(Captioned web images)
------------------------------------------------

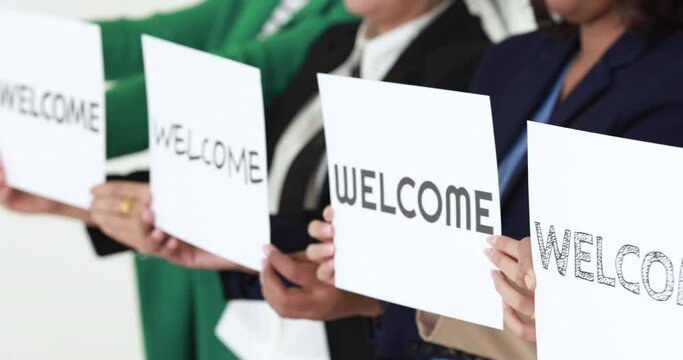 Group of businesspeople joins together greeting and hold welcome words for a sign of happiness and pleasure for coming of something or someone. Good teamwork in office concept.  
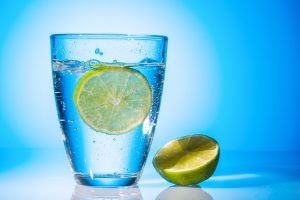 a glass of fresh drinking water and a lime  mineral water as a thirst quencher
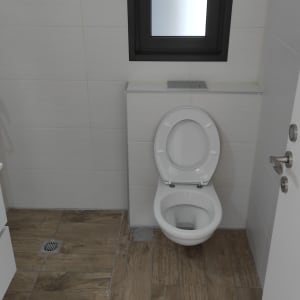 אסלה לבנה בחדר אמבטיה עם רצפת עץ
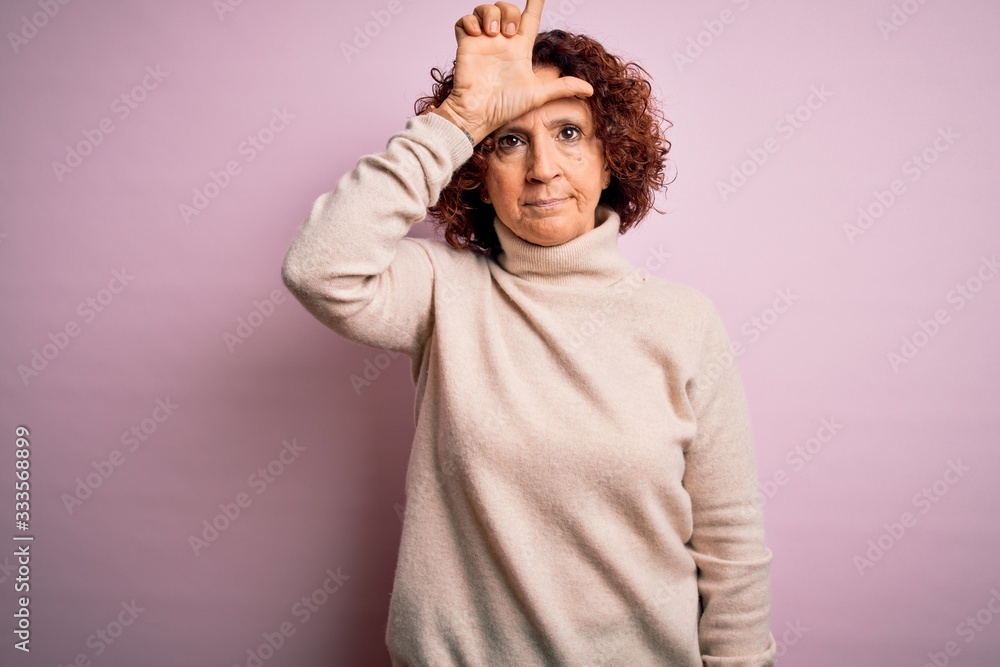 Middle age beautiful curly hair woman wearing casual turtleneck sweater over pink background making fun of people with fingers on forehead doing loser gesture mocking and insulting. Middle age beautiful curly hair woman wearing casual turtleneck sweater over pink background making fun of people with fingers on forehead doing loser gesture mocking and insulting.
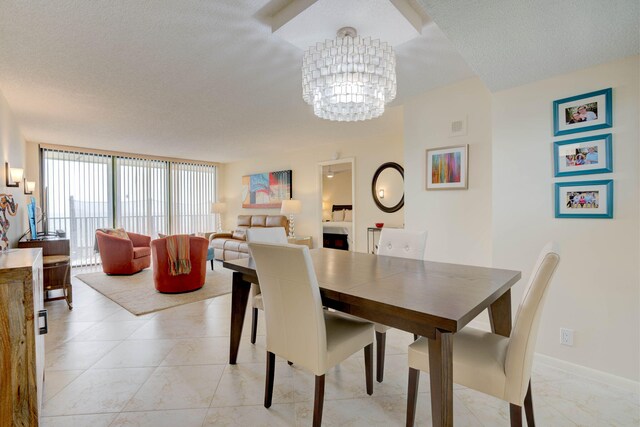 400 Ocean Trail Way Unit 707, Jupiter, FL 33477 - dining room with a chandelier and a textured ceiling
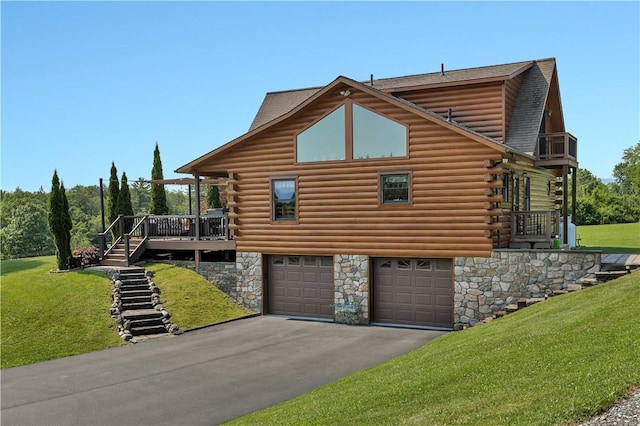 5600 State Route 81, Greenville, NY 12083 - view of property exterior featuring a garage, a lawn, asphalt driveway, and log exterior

------------------------------------------------

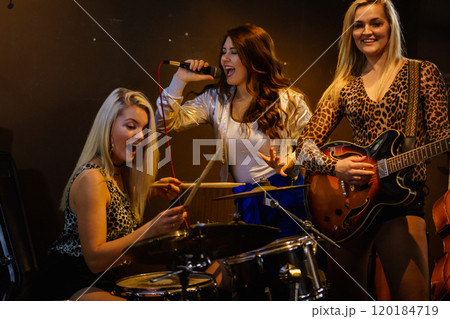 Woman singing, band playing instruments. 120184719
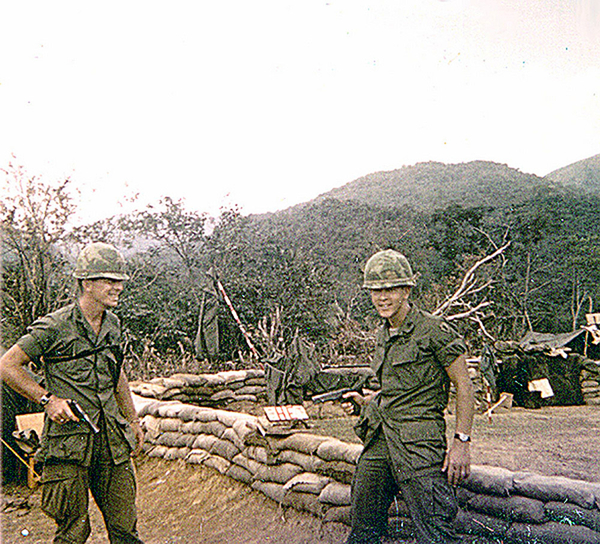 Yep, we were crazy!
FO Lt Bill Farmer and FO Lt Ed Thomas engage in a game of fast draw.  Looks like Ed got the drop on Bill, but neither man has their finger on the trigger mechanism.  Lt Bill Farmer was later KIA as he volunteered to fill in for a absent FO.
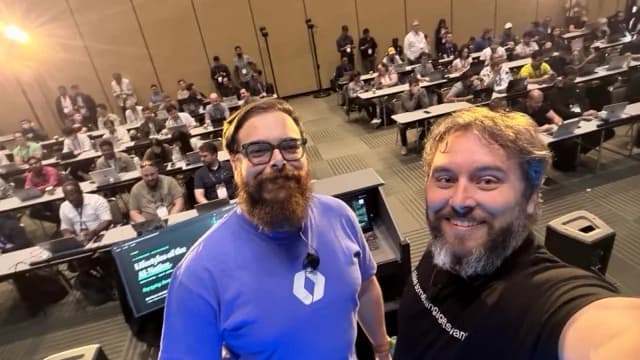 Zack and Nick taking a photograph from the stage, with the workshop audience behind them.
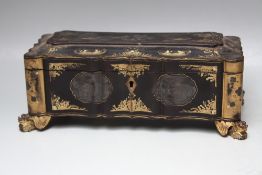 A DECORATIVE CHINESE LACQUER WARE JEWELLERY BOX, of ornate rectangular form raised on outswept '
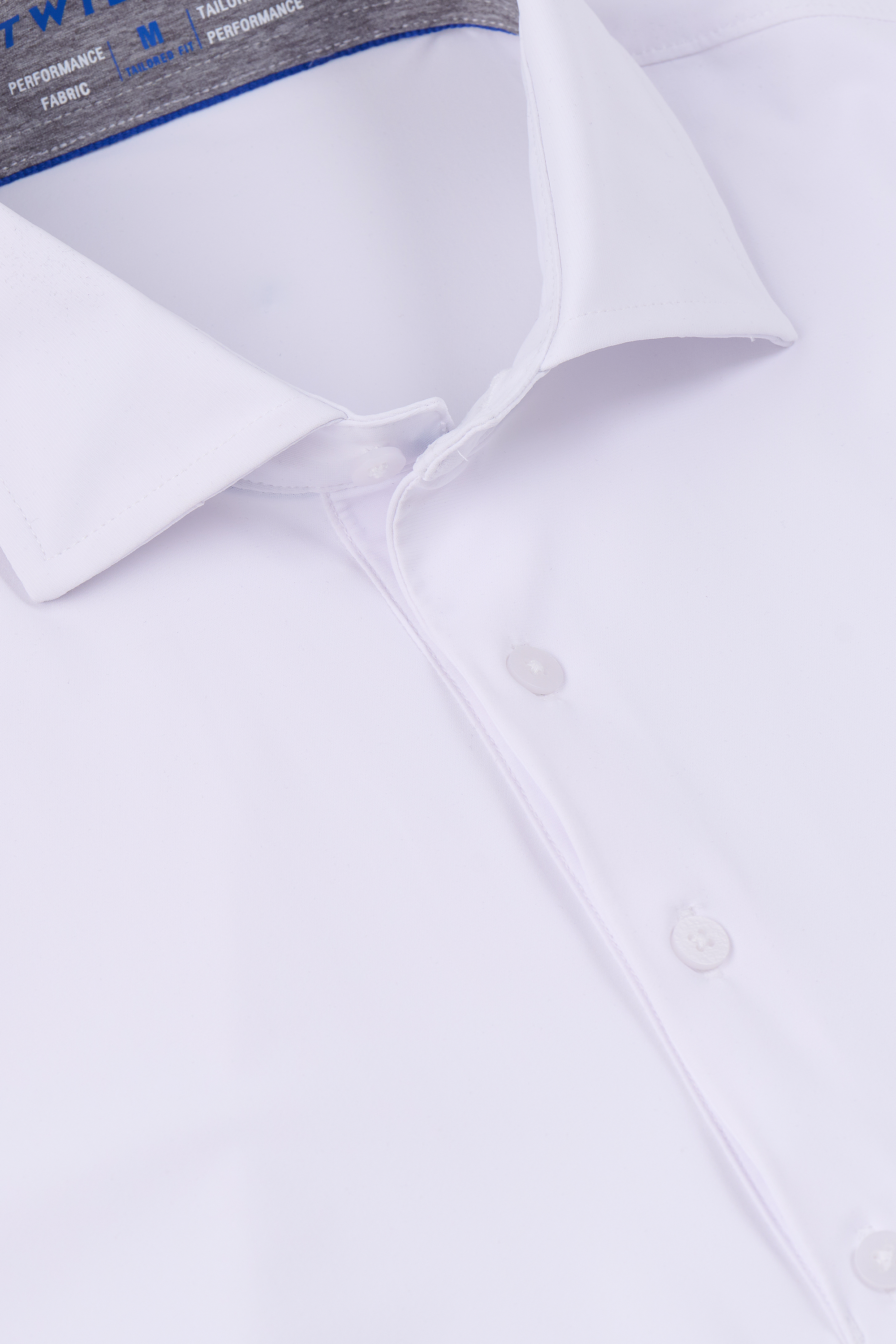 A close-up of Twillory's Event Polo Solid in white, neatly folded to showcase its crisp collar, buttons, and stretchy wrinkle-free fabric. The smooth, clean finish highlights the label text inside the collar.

------------------------------------------------

Starting with the line that has "אסלה לבנה בחדר אמבטיה עם רצפת עץ" and ending with the line that has "5600 State Route", repeat the lines above exactly, omitting every picture.

 אסלה לבנה בחדר אמבטיה עם רצפת עץ
 Middle age beautiful curly hair woman wearing casual turtleneck sweater over pink background making fun of people with fingers on forehead doing loser gesture mocking and insulting. Middle age beautiful curly hair woman wearing casual turtleneck sweater over pink background making fun of people with fingers on forehead doing loser gesture mocking and insulting.
 400 Ocean Trail Way Unit 707, Jupiter, FL 33477 - dining room with a chandelier and a textured ceiling
 5600 State Route 81, Greenville, NY 12083 - view of property exterior featuring a garage, a lawn, asphalt driveway, and log exterior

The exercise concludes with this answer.